■ TASK ■
Nothing outside the range is wanted. Repeat exactly the lines below from the one with "诚邀参加！AI＋交通安全：交" through the one with "422 Shagbark Lane - 物件實景".

■ DATA EXTRACT ■
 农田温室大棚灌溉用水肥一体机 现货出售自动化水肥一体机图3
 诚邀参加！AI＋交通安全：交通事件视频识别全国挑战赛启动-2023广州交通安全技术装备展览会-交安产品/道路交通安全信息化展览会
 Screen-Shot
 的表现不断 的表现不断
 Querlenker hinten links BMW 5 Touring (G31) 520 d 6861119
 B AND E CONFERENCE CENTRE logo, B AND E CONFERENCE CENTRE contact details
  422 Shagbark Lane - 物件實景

--

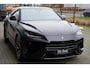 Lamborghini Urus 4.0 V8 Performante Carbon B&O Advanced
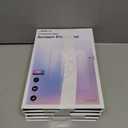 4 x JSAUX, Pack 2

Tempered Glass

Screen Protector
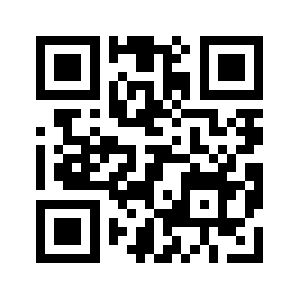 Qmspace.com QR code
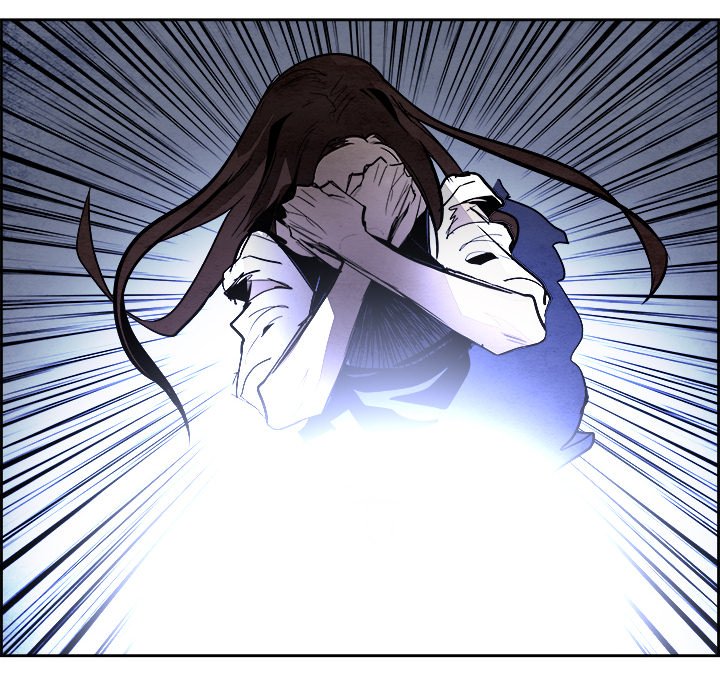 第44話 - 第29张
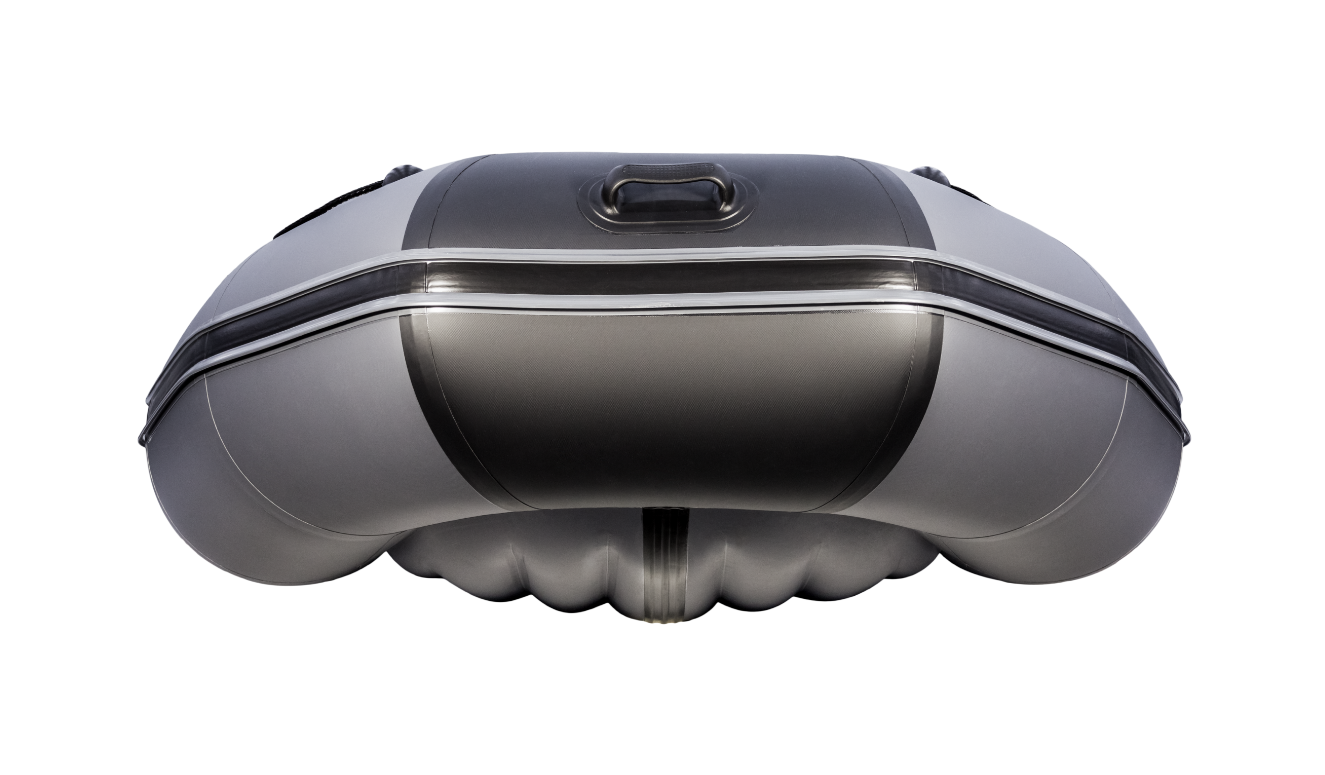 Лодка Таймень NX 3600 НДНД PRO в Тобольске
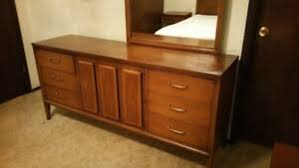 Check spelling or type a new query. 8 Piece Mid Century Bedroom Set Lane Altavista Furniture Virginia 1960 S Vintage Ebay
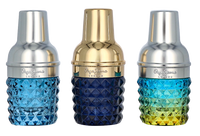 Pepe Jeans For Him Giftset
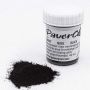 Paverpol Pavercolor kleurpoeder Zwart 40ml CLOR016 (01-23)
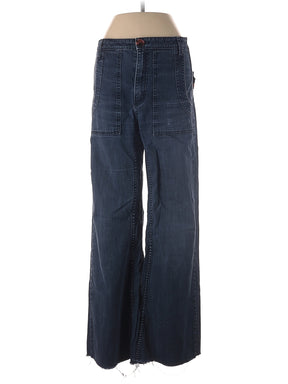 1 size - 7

■ TASK SOLUTION ■
 诚邀参加！AI＋交通安全：交通事件视频识别全国挑战赛启动-2023广州交通安全技术装备展览会-交安产品/道路交通安全信息化展览会
 Screen-Shot
 的表现不断 的表现不断
 Querlenker hinten links BMW 5 Touring (G31) 520 d 6861119
 B AND E CONFERENCE CENTRE logo, B AND E CONFERENCE CENTRE contact details
  422 Shagbark Lane - 物件實景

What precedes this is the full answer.